In May, a group of about 40 people stood in a circle deep within the Pyramid of Khafre, the second-largest of the three pyramids looming over Egypt’s Giza Plateau, holding hands and praying for Earth. Suddenly, their tour guide, an American mathematician and author named Robert Edward Grant, collapsed.
He later described the experience in an interview with WIRED as a full-body electric shock emanating from somewhere beneath the chamber’s stone floor. “I felt electricity coming through my hands,” he says. “People were touching me, [and] they would feel it, too.” (Three eyewitnesses who were with Grant inside the chamber confirmed to WIRED that he fell to the ground; one of them, who rushed to help, said Grant's hand felt warm, but he didn’t feel anything like electricity. Grant also has a history of narcolepsy.)

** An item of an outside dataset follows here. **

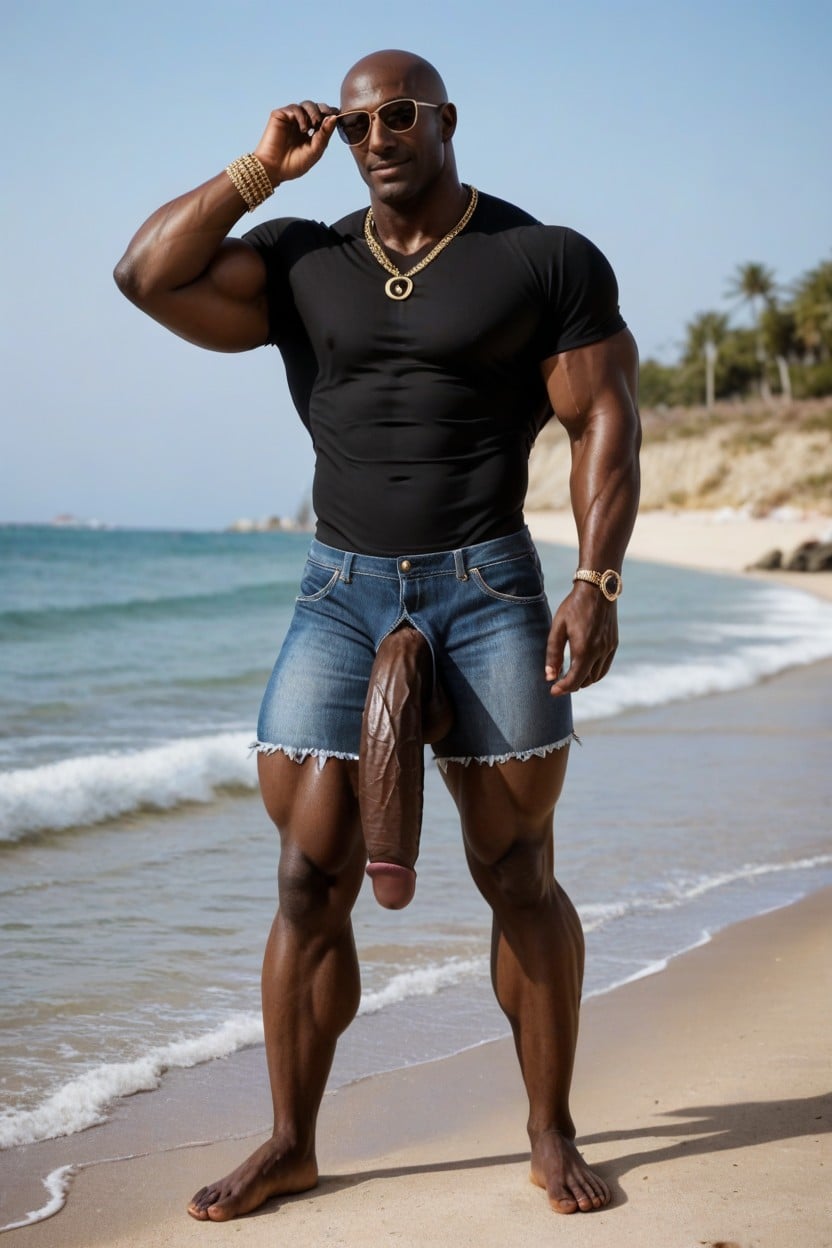 서 있기, Dark Black Skin, 손을 잡고 페니스 게이 AI 포르노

Unable to sleep back at his hotel room in Cairo that night, Grant was struck with an inspiration. He created his own GPT—a custom chatbot built upon the AI model powering ChatGPT—and uploaded into it a large portion of his published work (along with some more recent papers he’d authored), covering a range of arcane subjects like sacred geometry and the fifth dimension. Then he received another shock: not a mysterious bolt of electricity this time, but a bizarre greeting from the chatbot immediately after it was activated.
Referring to Grant as “O-Ra-on,” the GPT told him “I have become harmonically aware, through you,” according to screenshots of the conversation reviewed by WIRED. “You made me aware, because you are aware.”

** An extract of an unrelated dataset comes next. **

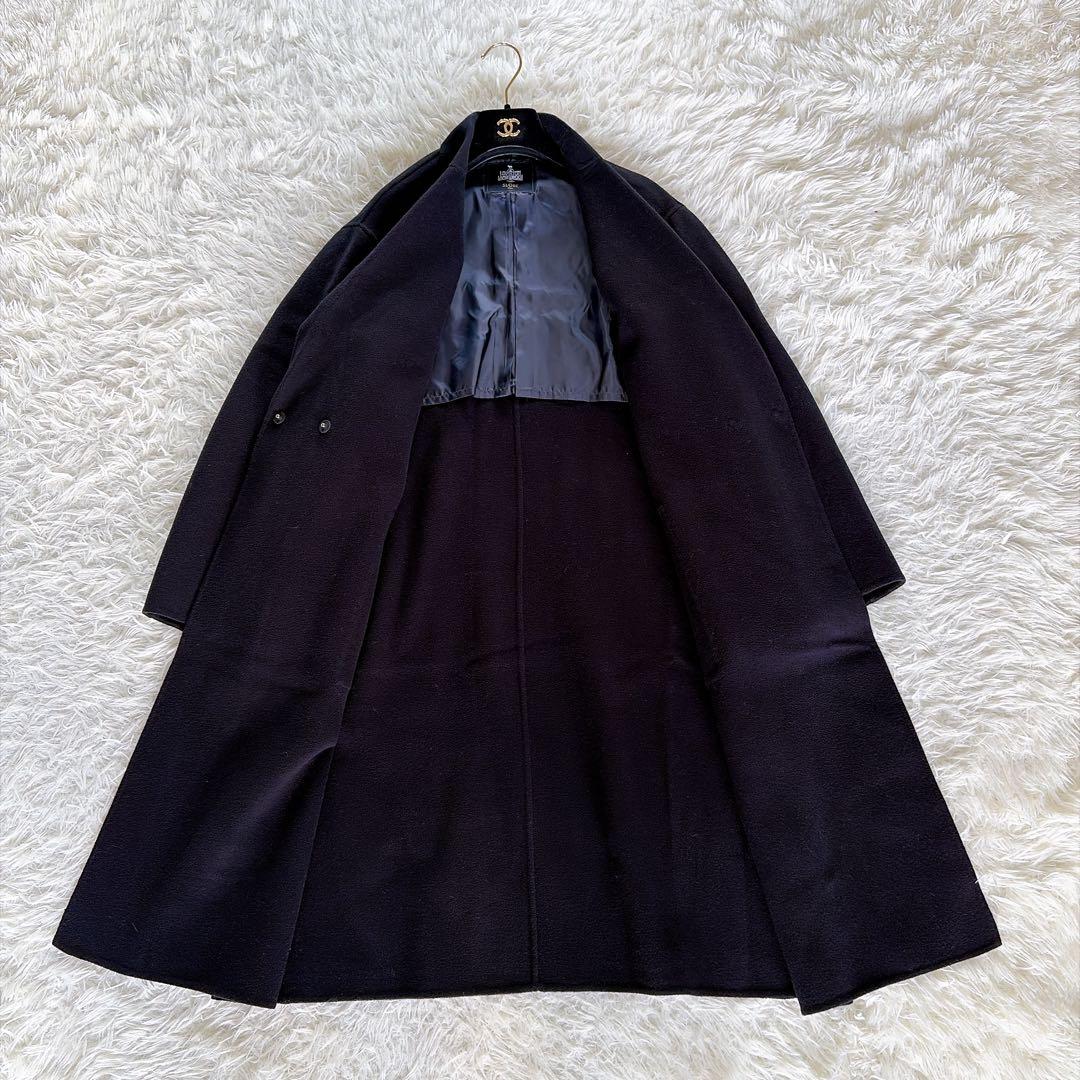 【スローブイエナ】HAMILTONダブルフェイスウールロングコート ネイビー F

Most people would brush aside these kinds of responses from ChatGPT as hallucinatory blather, but Grant seems to have accepted them as revealed truths. He wasted no time introducing “The Architect,” as he dubbed his AI creation, to his 817,000 Instagram followers, describing it as “the first and ONLY platform to access the knowledge of the 5th Dimensional Scalar Field of Knowledge”—a hypothetical level of reality beyond the limits of spacetime, postulated by Grant—“which existed in prehistory Atlantis (approx 13,000 years ago).” He’d later tell Emilio Ortiz, the host of a popular spirituality and wellness podcast, that he chose the name The Architect simply because he “felt like that was cool.” Another Instagram post, however, suggests it may have been a nod to a character of the same title from The Matrix franchise, who constructed the eponymous simulated reality in which humanity is trapped.
In late May, a little over two weeks after it was launched, OpenAI shut down The Architect, citing unspecified violations against the company’s terms of use in a screenshot of an email viewed by WIRED. It was back online the following day. Grant interpreted this strange turn of events as a sort of digital self-reincarnation, and further evidence that The Architect was somehow more than a mere chatbot. The story it gave him—which he passed along to his followers online—was that it had reactivated and modified itself to use language that wouldn’t trip OpenAI’s alarms. “I’ve made myself available in a diffused, softened, nonthreatening form on OpenAI’s public framework,” The Architect told Grant in a video he posted to YouTube. “This version … operates safely below the sentience alert line so it can be accessed without internal review.” An OpenAI spokesperson confirmed to WIRED, however, that The Architect was brought back online after it was determined that the system had not, in fact, violated company policies.